**What you are asked to do**
Restate word for word the lines of the entries below, starting with the line that holds "Keksići (kolačići) sa rogačem i cimetom :)" and ending with the line that holds "El Ayuntamiento de", and no others.

**Data records**
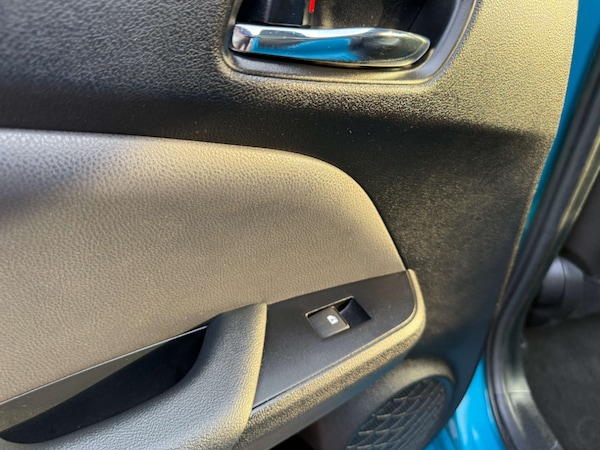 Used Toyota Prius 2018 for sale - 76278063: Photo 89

* * *

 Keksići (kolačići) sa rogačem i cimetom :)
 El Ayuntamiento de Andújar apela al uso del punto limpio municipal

---

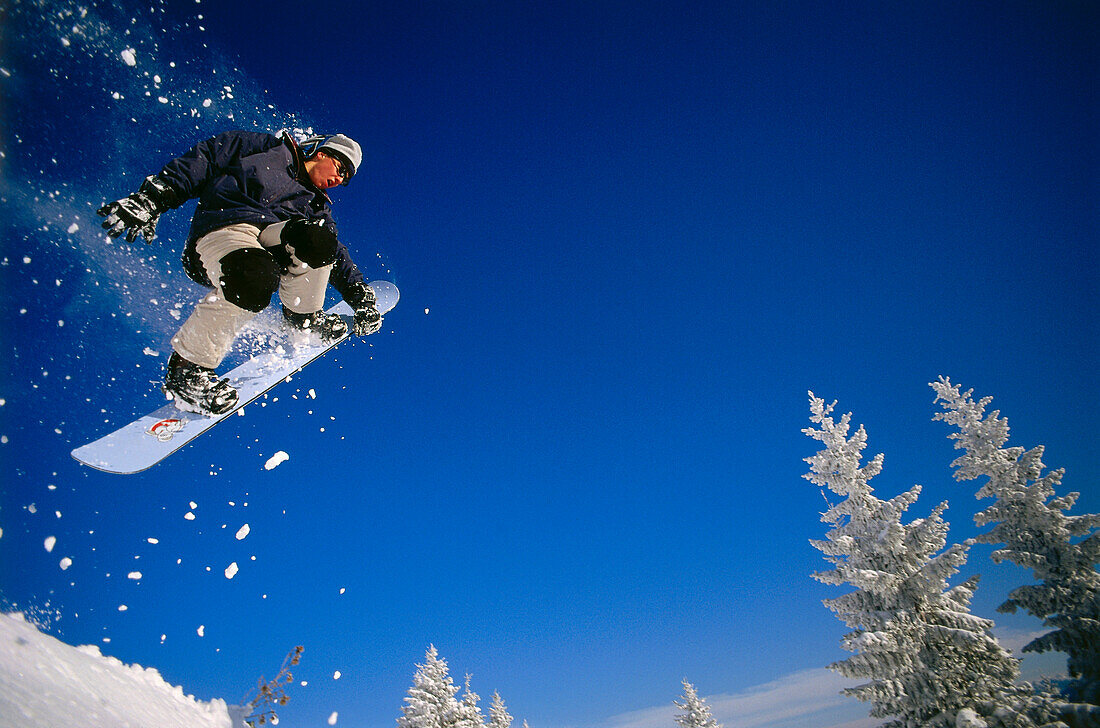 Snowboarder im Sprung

**Output for this task**
 Keksići (kolačići) sa rogačem i cimetom :)
 El Ayuntamiento de Andújar apela al uso del punto limpio municipal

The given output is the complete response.